Zoom into an area (it doesn’t have to be the United States) and click on a heat-shaded city (or as the tool calls them, an “urban cluster of interest”). Once clicked, you’ll notice that a table pulls up on the right. Per the Center for Earth Observation, this is your, “mean annual, summertime, and wintertime UHI intensities averaged over the whole cluster for both daytime and nighttime.”
Additionally, you can also look at the two charts underneath the list, which show UHI intensity from 2003 to 2018 and another one showing the variation in monthly UHI intensity. You also have the option to download the charts by clicking on the top right corner of the box.
Comparing SUHII and general UHI from 2003 to 2018
One of the great features of this tool is that you can go as far back as 2003. And although 2021 data isn’t available, it’s still enough to visually see a significant difference in heat intensity.
For example, see the below comparison for the Biloxi and Gulfport cluster in Mississippi. After scrolling back and forth a few times, you’ll notice that not only has daytime surface UHI intensity increased, but it’s also expanded into areas it wasn’t before.
Remember that the application is a global UHI tool and can be used all over the world
Although the tool pulls up the United States when it is first clicked, remember that the tool can be used anywhere in the world. Feel free to expand the map to view Europe, South America, Asia, Africa, and Australia.
The Uniqueness of the Global Surface UHI Explorer
The uniqueness of the tool is that it isn’t just for one single city or one single area; it can be used anywhere.

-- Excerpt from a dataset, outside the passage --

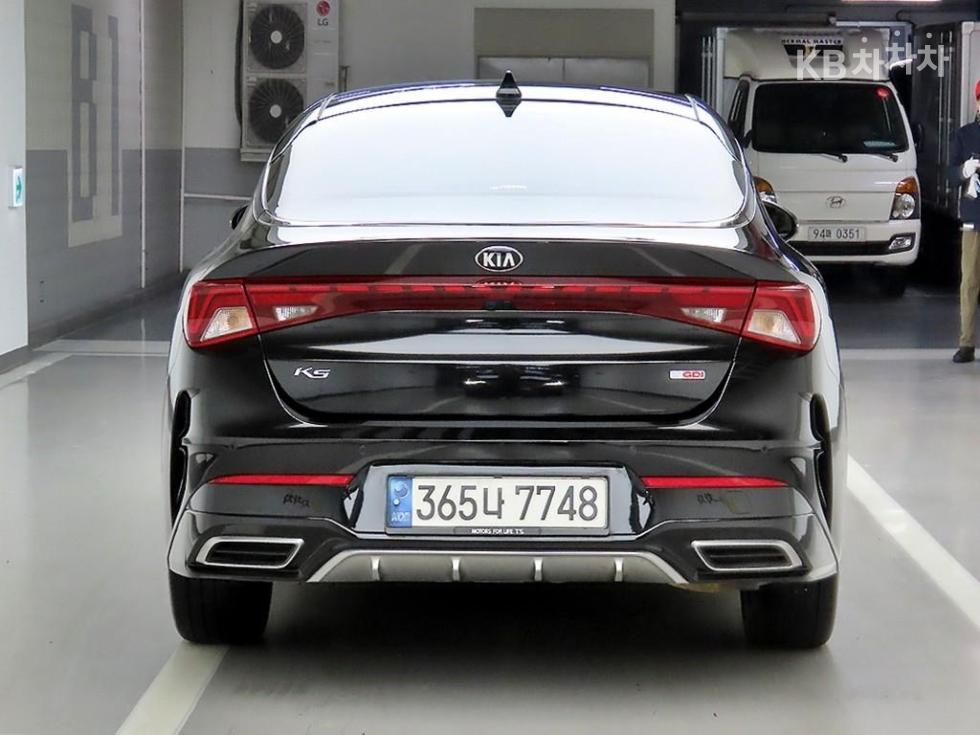 2021 - kia k5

And according to tool creator and author TC Chakraborty, this was difficult to do in the past because (1) city SUHII was calculated by the land surface temperature difference using the same buffer width to specify rural reference (if this is confusing, click here), and (2) cities were sometimes defined by their administrative boundaries which made it difficult to compare SUHII areas when there was a mix of urban and non-urban land use.
To fix the issue, the creators developed a new algorithm called the simplified urban-extent (SUE) — which, as explained below, has theoretically fixed both deficiencies.
For the first deficiency, we forgo the use of buffers and calculate the UHI as the LST difference between the urban and rural pixels, as defined by their spectral characteristics, within each urban unit. To address the second issue, we use urban clusters, which may include multiple contiguous cities, as the urban units instead of individual cities. We calculated the SUHI for over 9000 such urban clusters using roughly 17 years of satellite-derived LST data, and 12 years of satellite-derived land use data. Finally, we investigated the influence of vegetation on the seasonal and temporal characteristics of the SUHI intensity at a global scale and for each climate zone. The database created in this study is the most comprehensive characterization of the SUHI to date.”
The Global Surface UHI Explorer: An Interactive Map of Urban Heat by TC Chakraborty
Why do we care and what can we do about SUHII?
There’s a lot of reasons to care about the impacts of urban heat.
- According to the National Weather Service, urban heat accounts for the most deaths during heat waves and is the leading cause of weather-related deaths in the past 30 years. Because city centers already have above-average temperatures, when a heatwave does make its way across one of these areas, the urban heat island worsens the impact — making our most vulnerable populations ill-equipped to counteract the effects (such as the elderly and those with pre-existing health conditions).
- Air pollution is often exacerbated during extreme heat. In a phenomenon called stagnation, pollutants become trapped in the lower atmosphere during hot weather, causing respiratory issues, eye irritation, asthma, and increased allergies.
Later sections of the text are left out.